La narrazione si fa così plurivocale: accanto a Baldini, ritroviamo Togliatti (la compagna), Battaglia (la figlia), la nonna Carmela, la città di Parma. Ma anche Puškin, Achmatova, Tolstoj, Dante, Pavese. È un romanzo “a circonvallazione”, come lo ha definito Vivian Lamarque, eccessivo e intimo, caotico e preciso. «Una biografia particolarissima che è insieme un viaggio filologico nei testi di Baldini e un’autobiografia emotiva» scrive la Rivista Blam. E Nori stesso, con disarmante semplicità, spiega così la sua vocazione: “ho trovato il coraggio di provare a vedere se riuscivo a far diventare la mia passione, la letteratura, il mio mestiere”.

Il tratto distintivo del romanzo è la sua forma ibrida: una sinfonia di frammenti che si rincorrono, si richiamano, si contraddicono. La prosa è colloquiale, sincopata, punteggiata di sospensioni. «È quello che bisogna mettere nei romanzi: le cose che non si raccontano, che non si dicono» scrive Nori, citando anche la Lattanzi. La “coglionaggine”, come la chiama con ironia (riprendendo Baldini), diventa allora cifra stilistica e poetica.

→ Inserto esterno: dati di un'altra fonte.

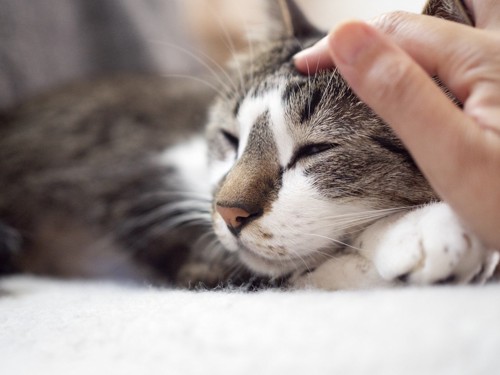 寝そべる猫の頭を撫でる人の手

C’è, in questo libro, un desiderio struggente di letteratura che non diventa mai retorico. Baldini e Nori, apparentemente distanti, si incontrano nel linguaggio delle cose piccole. Come scrive Nori: «i grandi autori che mi piacciono, mi fanno vedere le cose che sono in casa mia come se le vedessi per la prima volta, non rendono visibile l’invisibile, rendono visibile il visibile».

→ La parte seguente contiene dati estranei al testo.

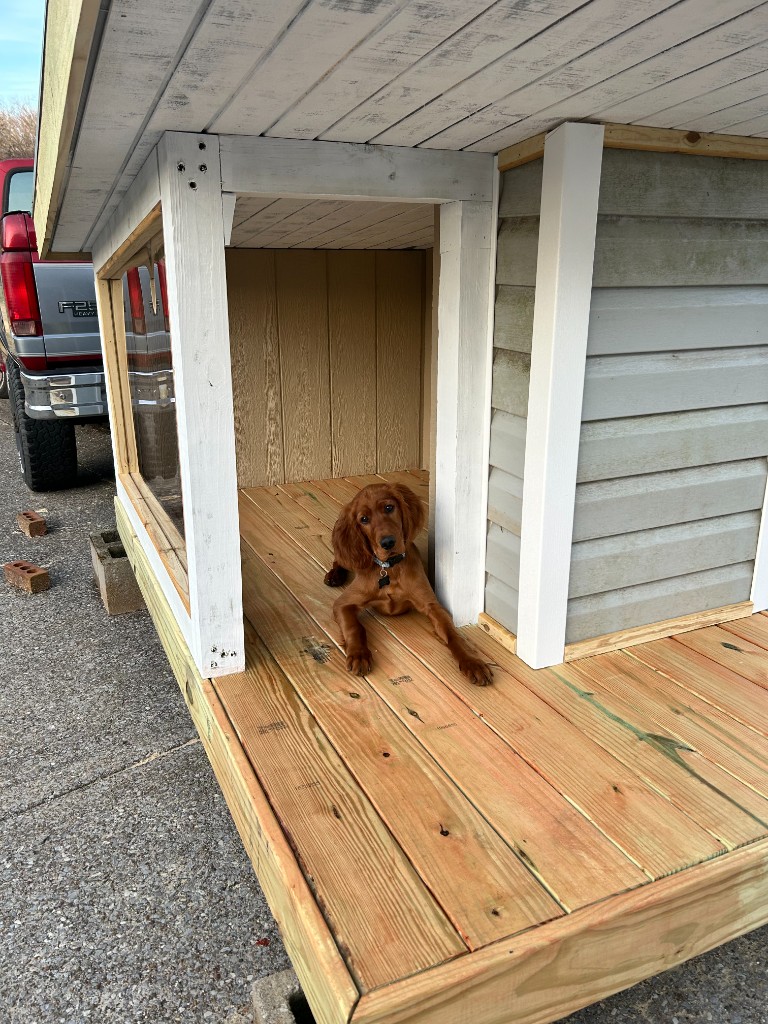 Koa the Irish Setter - Photo 8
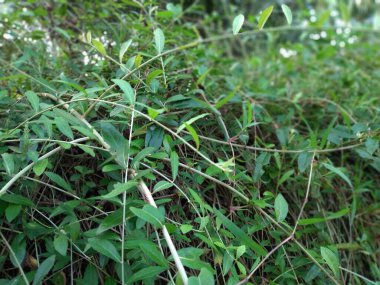 Yeşil tırmanma bitkileri veya Vernonia eliptik perde sarmaşığı, Lee kwan porsuğu, Vernonia elaeagnifolia, Widow 'un bitkisi (Merana dul bitkisi))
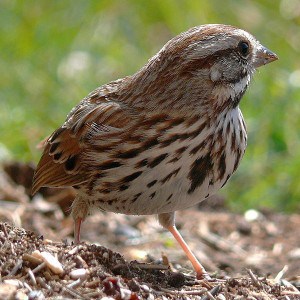 Song Sparrow - Wikimedia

Perché leggere questo libro? Perché Chiudo la porta e urlo è un atto d’amore verso la poesia e verso le vite vissute sottovoce. È un inno alla marginalità, all’ironia, alla malinconia che diventa resistenza. È un testo da leggere e da ascoltare, capace di far ridere, commuovere e pensare. Nori ci prende per mano e ci accompagna nella sua casa piena di parole, dove Baldini siede in silenzio, con il suo dialetto che diventa lingua madre per tutti.

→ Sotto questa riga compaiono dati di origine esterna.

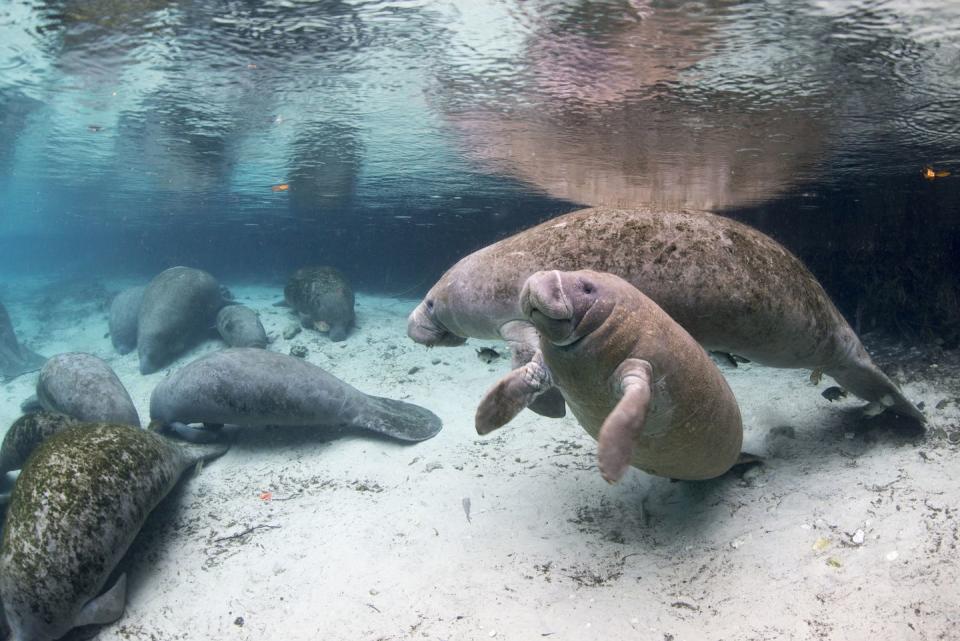 6) The Florida Manatee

Nato a Parma nel 1963, laureato in letteratura russa, Nori è scrittore, traduttore, saggista. Ha pubblicato romanzi come Bassotuba non c’è (1999), Si chiama Francesca, questo romanzo (2002), I malcontenti (2010), Sanguina ancora (2021), Vi avverto che vivo per l’ultima volta (2023). Ha tradotto opere di Puškin, Gogol’, Dostoevskij, Čechov e molti altri. Con Chiudo la porta e urlo completa idealmente una trilogia dedicata agli autori che ama: Dostoevskij, Achmatova, Baldini. Un’ode a chi scrive “come se scrivere fosse vivere”.